Use this to deduce the inequalities

    \[ e n^n e^{-n} < n! < e n^{n+1} e^{-n} \]

by taking f(x) = \log x.


Proof. Since f(x) is increasing we know f([x]) \leq f(x) \leq f([x+1]) (where [x] denotes the greatest integer less than or equal to x) for all x \geq 1. Define step functions s and g by

    \[ s(x) = f([x]), \qquad t(x) = f([x+1]). \]

Then s and t are constant on the open subintervals of the partition

    \[ P = \{ 0,1,2, \ldots, n \}. \]

So,

    \begin{align*}  \int_1^n s(x) \, dx = \sum_{k=1}^{n-1} s_k (x_k - x_{k-1}) = \sum_{k=1}^{n-1} f(k) \\[9pt]  \int_1^n t(x) \, dx = \sum_{k=1}^{n-1} t_k (x_k - x_{k-1}) = \sum_{k=1}^{n-1} f(k+1) = \sum_{k=2}^n f(k). \end{align*}

Since f is integrable we must have

    \[ \int_1^n s(x) \, dx \leq \int_1^n f(x) \, dx \leq \int_1^n t(x) \, dx \]

for every pair of step functions s \leq f \leq t. Hence,

    \[ \sum_{k=1}^{n-1} f(k) \leq \int_1^n f(x) \, dx \leq \sum_{k=2}^n f(k). \qquad \blacksquare \]

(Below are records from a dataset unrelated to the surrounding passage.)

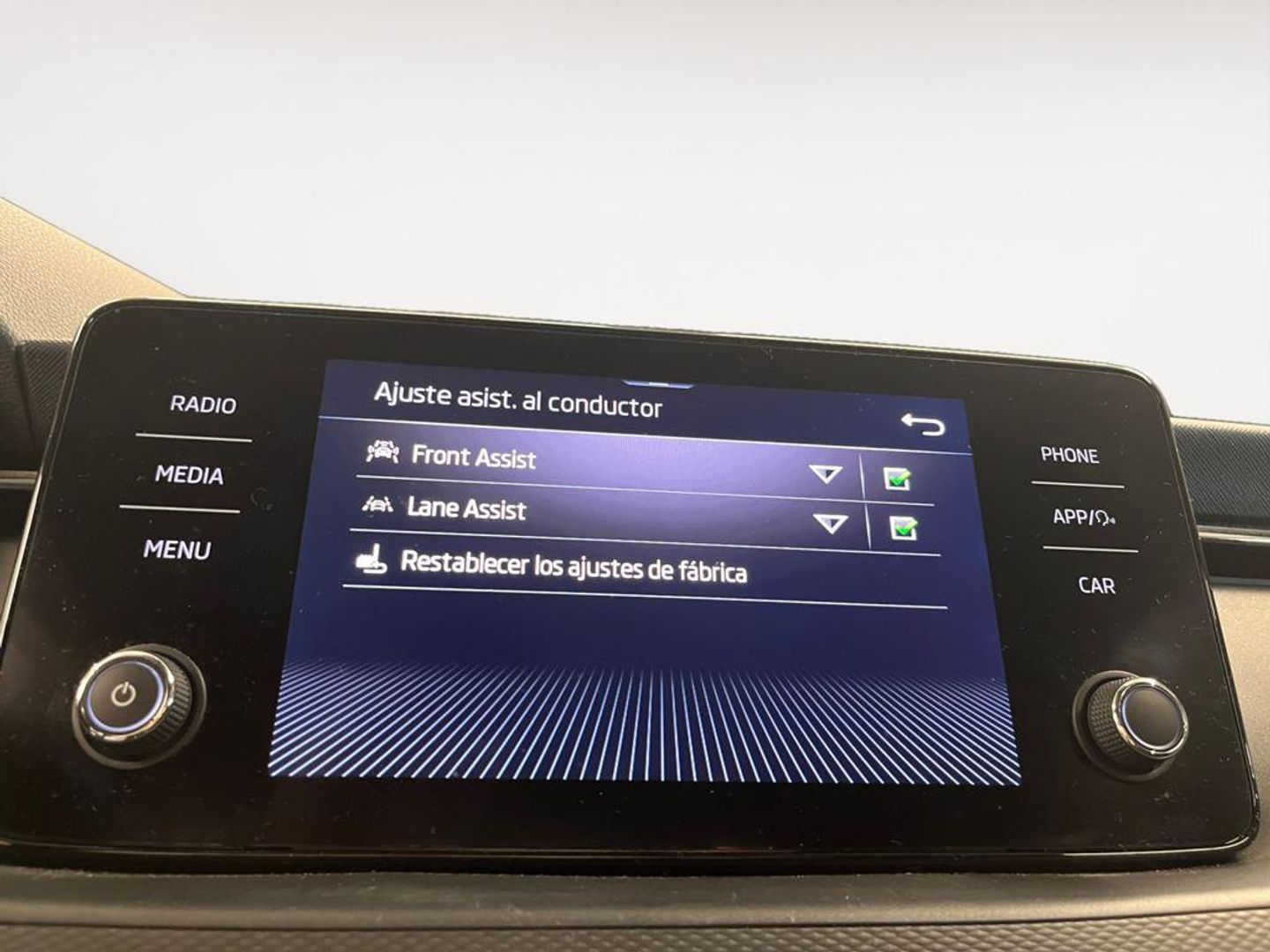 Skoda Scala 1.0 TSI Ambition 81 kW (110 CV)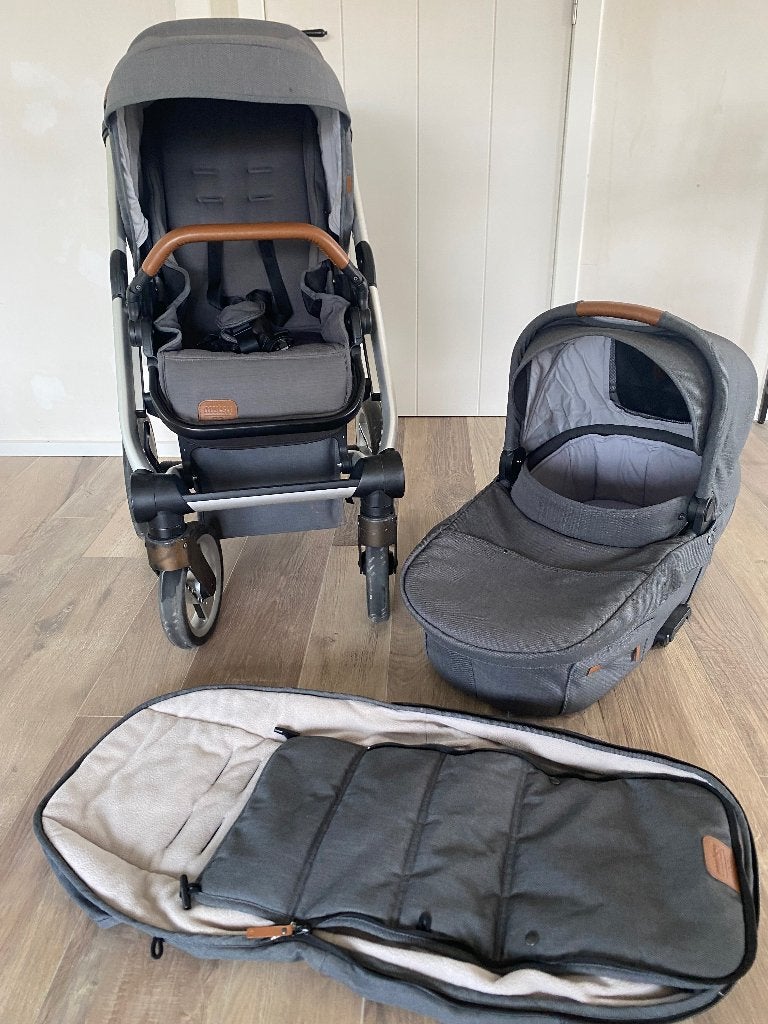 Kinderwagen Mutsy- zeer mooie staat!, Gebruikt, Mutsy, Verstelbare duwstang, Ophalen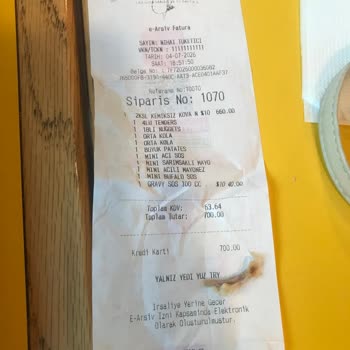 Popeyes Kemiksiz Denilen Üründen Kemik Çıkması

Next, if we take f(x) = \log x (which is nonnegative and increasing on x \geq 1) we have

    \begin{align*}  &&\sum_{k=1}^{n-1} \log k \leq \int_1^n \log x \, dx \leq \sum_{k=2}^n \log k \\[9pt]  \implies && \log(n-1)! \leq n \log n - n + 1 \leq \log n! \\[9pt]  \implies && (n-1)! \leq e n^n e^{-n} \leq n!. \end{align*}

From this we then get two inequalities

    \[ n! \leq en^{n+1} e^{-n} \quad \text{and} \quad e n^n e^{-n} \leq n!. \]

Therefore,

    \[ en^n e^{-n} \leq n! \leq e n^{n+1} e^{-n}. \]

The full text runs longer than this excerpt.